In the above, the fluid properties Pr, ν, α and β are evaluated at the film temperature, which is defined as:

$T_f = \frac{T_s + T_\infin}{2}.$

For a uniform wall heating flux, the modified Rayleigh number is defined as:

$\mathrm{Ra}^{*}_{x} = \frac{g \beta q''_o} {\nu \alpha k} x^4$

where:

q"o is the uniform surface heat flux
k is the thermal conductivity.[1]

For most engineering purposes, the Rayleigh number is large, somewhere around 106 to 108.

Other Definitions

The Rayleigh number can be also used as a criterion to predict convectional instabilities, such as A-segregates, in the mushy zone of a solidifying alloy. The mushy zone Rayleigh number is defined as:

$\mathrm{Ra} = \frac{\frac{\Delta \rho}{\rho_0}g \bar{K} L}{\alpha \nu} = \frac{\frac{\Delta \rho}{\rho_0}g \bar{K} }{R \nu}$

where:

K is the mean permeability (of the initial portion of the mush)
L is the characteristic length scale
α is the thermal diffusivity
ν is the kinematic viscosity
R is the solidification or isotherm speed.[2]

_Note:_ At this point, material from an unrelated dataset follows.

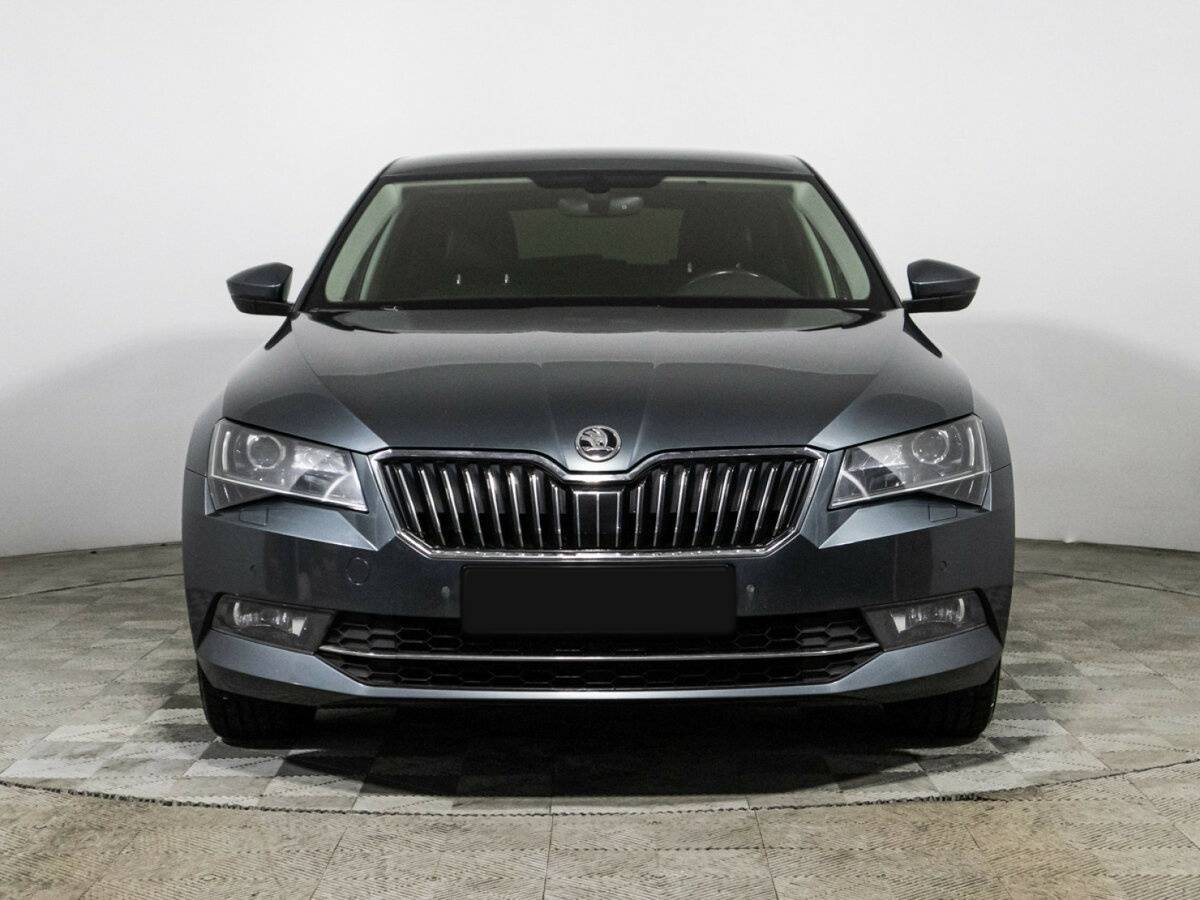 Skoda Superb б/у, 2018, Роботизированная. Фото: #1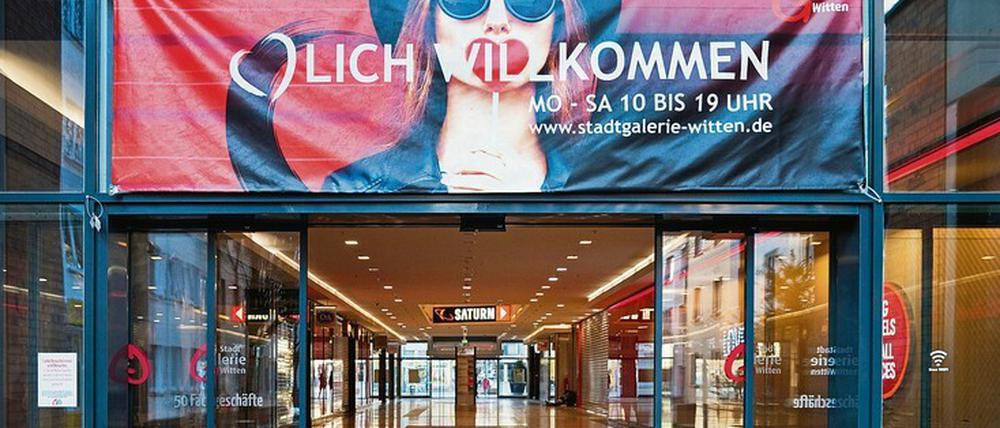 Geschlossen. Durch Ladenschließungen sind bei vielen Bekleidungs- und Heimtextilherstellern die Umsätze auf null gefallen, so Ingeborg Neumann.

A-segregates are predicted to form when the Rayleigh number exceeds a certain critical value. This critical value is independent of the composition of the alloy, and this is the main advantage of the Rayleigh number criterion over other criteria for prediction of convectional instabilities, such as Suzuki criterion.

Torabi Rad et. Al. showed that for steel alloys the critical Rayleigh number is 17.[3] Pickering et. al explored Torabi Rad's criterion, and further verified its effectiveness. Critical Rayleigh numbers for lead–tin and nickel-based super-alloys were also developed.[4]

Geophysical applications

In geophysics, the Rayleigh number is of fundamental importance: it indicates the presence and strength of convection within a fluid body such as the Earth's mantle. The mantle is a solid that behaves as a fluid over geological time scales. The Rayleigh number for the Earth's mantle due to internal heating alone, RaH, is given by:

$\mathrm{Ra}_H = \frac{g\rho^{2}_{0}\beta HD^5}{\eta \alpha k}$

where:

H is the rate of radiogenic heat production
η is the dynamic viscosity
k is the thermal conductivity
D is the depth of the mantle.[5]

A Rayleigh number for bottom heating of the mantle from the core, RaT, can also be defined as:

$\mathrm{Ra}_T = \frac{\rho_{0}g\beta\Delta T_{sa}D^3 c}{\eta k}$

where:

ΔTsa is the superadiabatic temperature difference between the reference mantle temperature and the core–mantle boundary
c is the specific heat capacity, which is a function of both pressure and temperature.[5]

High values for the Earth's mantle indicates that convection within the Earth is vigorous and time-varying, and that convection is responsible for almost all the heat transported from the deep interior to the surface.